Tags

Air

 

Kalau dipikir-pikir nih ya, makin kesini kita semakin mengalami krisis air bersih. Terutama di kota-kota besar. Sekalipun sudah pakai air PDAM juga belum tentu airnya bagus. Karena ada beberapa daerah tertentu yang air PDAM nya tetiba warnanya keruh, ada yang warnanya kehijauan, ada yang warna airnya kekuningan. Udah gitu kadang airnya suka mati-mati. Akhirnya banyak orang yang beli air (lagi). Mana tiap bulan juga tetap bayar. Akhirnya pengeluaran untuk air bersih jadi double, bahkan mungkin triple.

Jangankan di kota besar, bahkan dibeberapa daerah juga mengalami krisis air bersih. Entah krisisnya karena kondisi geologis ataupun karena ‘pengerusakan’. Ya seperti misalnya beberapa daerah di Kalimantan misalnya, yang mana dulunya mereka bisa mengambil air bersih dari sungai, sekarang udah susah karena air sungainya yang berubah warna jadi keruh. Entah karena penambangan atau hal lainnya.

Kadang tuh kangen nggak sih dengan kehidupan masa kecil yang mana air bersih mudah untuk di temukan. Mandi di kali bisa sampe sak kapok e karena kondisi airnya yang masih aman untuk nyemplung. Sekarang mah, orang mau mandi di sungai udah jarang kali bahkan ogah. Lihat airnya saja sudah males karena warnanya yang keruh seperti lumpur. Selain itu juga sungainya sudah tercemar limbah, entah limbah rumah tangga ataupun dari pabrik. Mana baunya menyengat pula. Wkwkwk.
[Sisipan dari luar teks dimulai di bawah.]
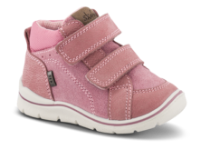 Skofus Babysko Rosa 3224500364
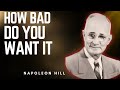 7 Signs GOD Is Testing You Before He Blesses You | Napoleon Hill||Best Motivationai SPeech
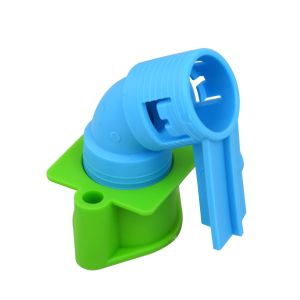 PXE Beton Frontteil 20mm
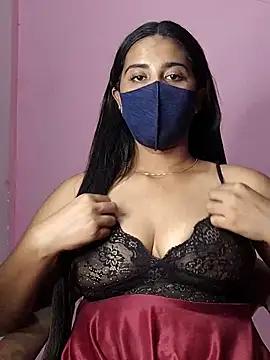 _berry_00 from StripChat is Freechat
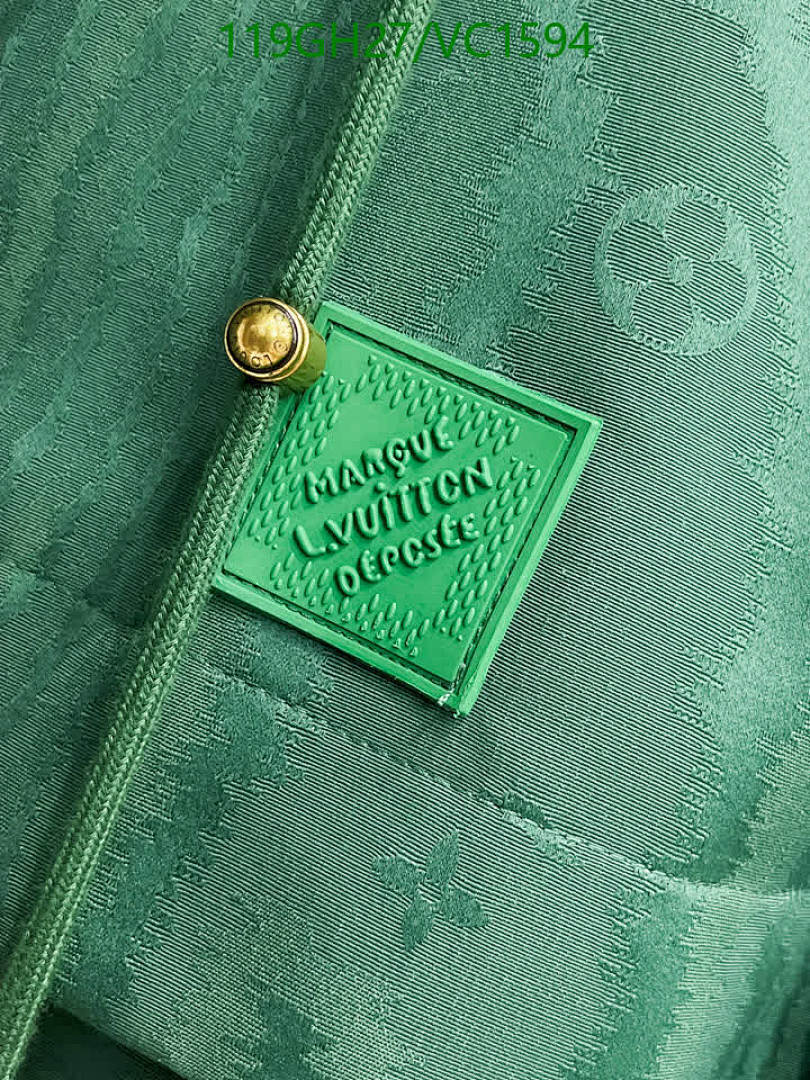 LV-Clothing Code: VC1594 $: 119USD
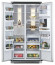 Холодильник Samsung RSE8BPCW Холодильник Samsung RSE8BPCW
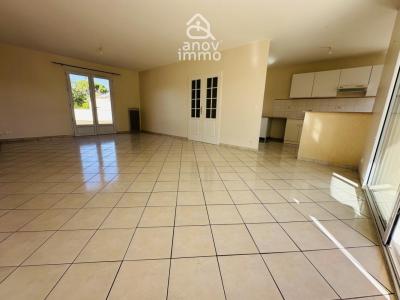 Acheter Maison Chateauneuf-sur-charente 185000 euros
Selain itu juga rasanya aneh banget ketika elemen kehidupan yang dulu bisa kita dapatkan secara gratis dengan kualitas yang baik, sekarang kita harus mengeluarkan uang untuk mendapatkannya. Itupun belum tentu juga kualitasnya bagus. Fiuh!

Ketika melihat kondisi seperti ini, pernah nggak sih kita menyalahkan diri kita karena ketidakbijaksanaan kita dalam hidup berdampingan dengan alam?

Saya rasa ketika Allah menciptakan Bumi dan seisinya sudah pasti dengan kondisi yang baik. Tapi siapa lagi yang merusak jika bukan kita manusia?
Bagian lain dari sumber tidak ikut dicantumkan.